BRIEF DESCRIPTION OF THE DRAWINGS

The embodiments of the present invention will now be described by reference to the following figures, in which identical reference numerals in different figures indicate identical elements and in which:

FIG. 1 is a graphical representation of a Gamma network code with various types of nodes, packets, and groups or generations;

FIG. 2 is a decoding evolution chart for the Gamma network code with specific values;

FIG. 3 is a decoding evolution chart for optimized Gamma network codes;

FIG. 4 is a graph comparing failure probability with reception overhead for different SRLNC schemes with outer code;

FIG. 5 is a graph comparing failure probability with reception overhead for different Gamma network codes;

FIG. 6 is a decoding evolution chart for a robust optimized Gamma network code;

FIG. 7 is a graph comparing failure probability with reception overhead for a Gamma network code optimized for minimum average reception overhead and for a robust Gamma network code;

FIG. 8 is a graph of failure probability vs. reception overhead for different Gamma network codes with packet-level outer code check nodes;

FIG. 9 is a block diagram of an environment in which the invention may be practiced;

FIG. 10 is a flowchart detailing the steps in a method according to one aspect of the invention; and

FIG. 11 is a flowchart detailing the steps in a method according to another aspect of the invention.

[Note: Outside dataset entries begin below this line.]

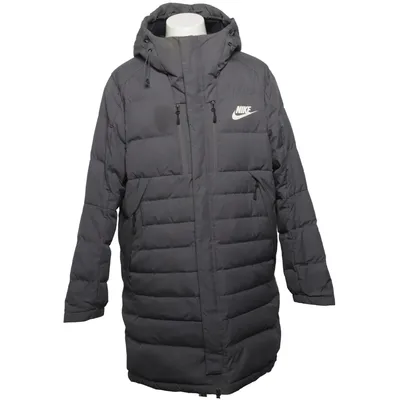 Dunjacka (Grå) från Nike Fjädrar, Polyester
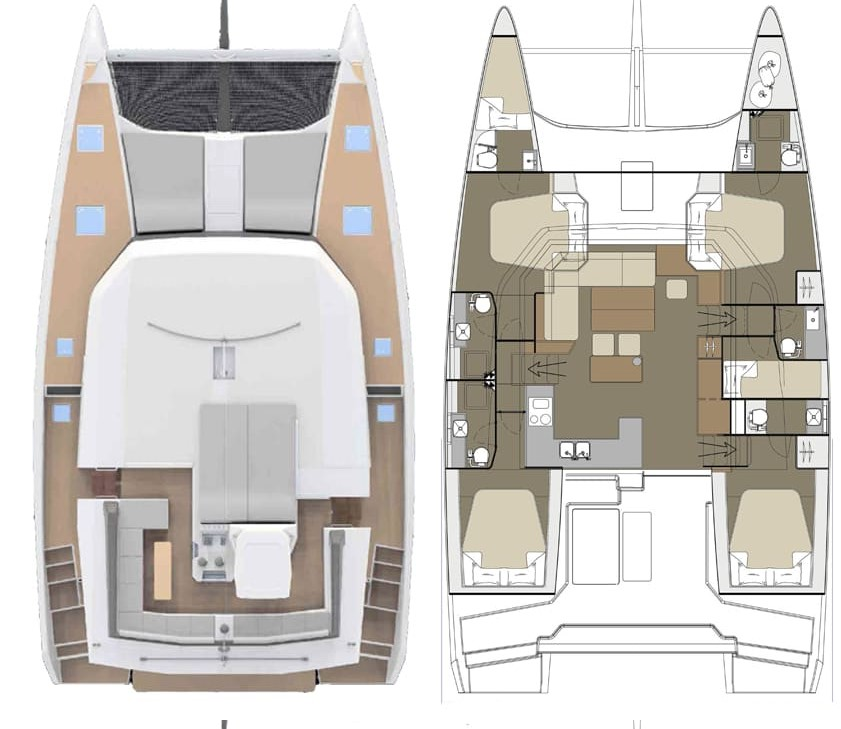 Catamarán para alquilar Primošten al mejor precio
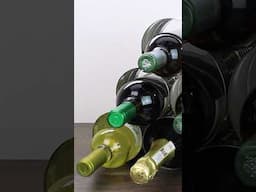 How to make an easy wine rack #cans #wineholder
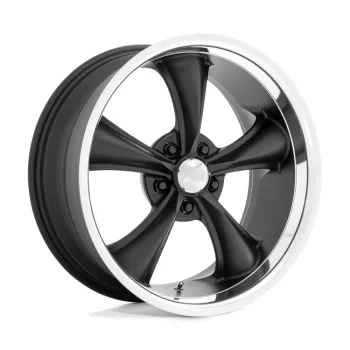   Alumínium felni 18x8 ET2 5x114.3 VN338 Boss TT Textured Black W/ Diamond CUT LIP American Racing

FIG. 12 is a flowchart detailing the steps in another method according to a further aspect of the invention.

DETAILED DESCRIPTION OF THE INVENTION

In one aspect, the present invention provides a solution to the problem of designing low-overhead linear-complexity SRLNC with a random linear outer code. A new family of low-overhead linear-complexity network codes is introduced, called Gamma network codes. In Gamma network codes, SRLNC with outer code is considered in a more general way, i.e., the outer code is not limited to a simple repetition outer code. Also, Gamma network codes do not rely on a large portion of generations being recovered by the network code alone. We then develop an analytical framework to investigate the impact of the outer code parameters on the average reception overhead. The importance of such framework is that it can be used both for (i) finding the limits on the performance measures of SRLNC with random linear outer code such as the minimum achievable reception overhead, and (ii) to analytically design optimal codes.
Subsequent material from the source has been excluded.